IT security ensures secure lives. I’m very excited to be able to conduct important, socially relevant research through our project on IT security regulation under the Germany Federal Office for Information Security. This project highlights the excellent research being conducted at the University of Passau and it fits perfectly with our area of specialisation, digitalisation.
Thomas Thelen: When it was adopted in 2015, the German IT Security Act expanded the responsibilities of the Federal Office for Information Security (BSI). Can or should a government institution be responsible for guaranteeing comprehensive IT security for its country, companies and citizens? Greater control by the state has been demanded, especially after identity data was publicly disclosed in the so-called Collections #1-5.

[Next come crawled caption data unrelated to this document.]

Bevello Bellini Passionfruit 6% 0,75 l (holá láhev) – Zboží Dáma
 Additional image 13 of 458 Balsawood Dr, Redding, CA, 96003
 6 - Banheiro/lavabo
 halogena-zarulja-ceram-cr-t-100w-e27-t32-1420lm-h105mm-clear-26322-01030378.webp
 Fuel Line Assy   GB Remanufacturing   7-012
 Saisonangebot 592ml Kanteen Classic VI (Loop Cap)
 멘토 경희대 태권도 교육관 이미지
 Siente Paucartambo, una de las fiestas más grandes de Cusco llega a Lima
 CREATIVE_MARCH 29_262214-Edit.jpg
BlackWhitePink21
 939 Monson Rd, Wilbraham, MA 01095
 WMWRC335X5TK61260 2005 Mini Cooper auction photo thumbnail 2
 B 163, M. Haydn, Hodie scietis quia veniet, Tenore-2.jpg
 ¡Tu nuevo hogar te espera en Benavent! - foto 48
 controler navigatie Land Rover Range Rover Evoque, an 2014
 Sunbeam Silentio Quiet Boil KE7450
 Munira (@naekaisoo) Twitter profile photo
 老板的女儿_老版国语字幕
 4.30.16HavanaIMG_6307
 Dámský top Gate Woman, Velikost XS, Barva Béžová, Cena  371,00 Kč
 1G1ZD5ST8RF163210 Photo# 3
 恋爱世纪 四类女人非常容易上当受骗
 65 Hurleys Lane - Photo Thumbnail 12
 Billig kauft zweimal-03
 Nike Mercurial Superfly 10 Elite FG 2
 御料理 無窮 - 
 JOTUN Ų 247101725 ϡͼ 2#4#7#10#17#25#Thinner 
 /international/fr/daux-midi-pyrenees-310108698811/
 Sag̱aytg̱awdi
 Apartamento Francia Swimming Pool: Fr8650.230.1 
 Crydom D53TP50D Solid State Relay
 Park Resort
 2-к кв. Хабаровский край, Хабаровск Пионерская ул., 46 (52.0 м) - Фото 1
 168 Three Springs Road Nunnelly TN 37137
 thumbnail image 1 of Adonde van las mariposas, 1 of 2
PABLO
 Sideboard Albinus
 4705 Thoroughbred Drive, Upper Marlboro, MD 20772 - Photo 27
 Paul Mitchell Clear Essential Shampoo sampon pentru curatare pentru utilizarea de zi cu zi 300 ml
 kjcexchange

Professor Dirk Heckmann: What you are asking about is a fundamental issue in IT security, namely how far does the responsibility of individual stakeholders such as the government, users, manufacturers, providers, etc. go when it comes to ensuring IT security? First of all, it must be understood that complex interdependencies make it impossible to hold one stakeholder fully responsible, except in rare cases. The only way we can get close to attaining a state of adequate IT security is through cooperation. In a sense, we can think of it as IT managed by joint owners. The government also carries its share of responsibility as it has the mandate to ensure security so that citizens can enjoy their freedoms. In principle, therefore, the government’s desire to increase efforts to meet this responsibility through the BSI should be viewed as positive, regardless of how effective the IT Security Act is in individual cases. That being said, it is important to remember that the government cannot guarantee protection everywhere, all the time. Appropriate measures and precautions must also be taken by IT users. The debates about digital education, however, show that users have not been equipped to do so. This is why the plans developed up until now to increase IT security can only ever be one mosaic tile.
Thomas Thelen: Germany’s current IT Security Act and the Europe’s General Data Protection Regulation uses the phrase “state of the art” quite often, and the recommendations of the IT Security Association Germany (TeleTrust) are key to understanding what this means exactly. Within the context of amending the IT Security Act, is it possible to describe dynamic technological developments in a reliable and legally sound manner?
Professor Dirk Heckmann: The broad reference to “state of the art” shows that regulation is, in many aspects, lagging behind innovation. There are several possible solutions, such as legally recognised standardisation and certification, which could be adapted more swiftly than laws or administrative orders. But even here, the innovation cycle is much too fast, meaning standards quickly become outdated. Referring to “state of the art” may provide less legal security, but it has a substantial advantage, namely that it doesn’t hinder innovation the same way that rigid standards or regulatory requirements do.
Thomas Thelen: You also sit on the Ethics Commission on Automated Driving, which is under the German Federal Ministry of Transport and Digital Infrastructure. There is much talk about the damage that could potentially be incurred by self-driving vehicles. Are there any arguments to counter this fear, for example the number of accidents that could be avoided by fast-reacting self-driving vehicles? And how can we pin down issues concerning liability when new types of technology are used?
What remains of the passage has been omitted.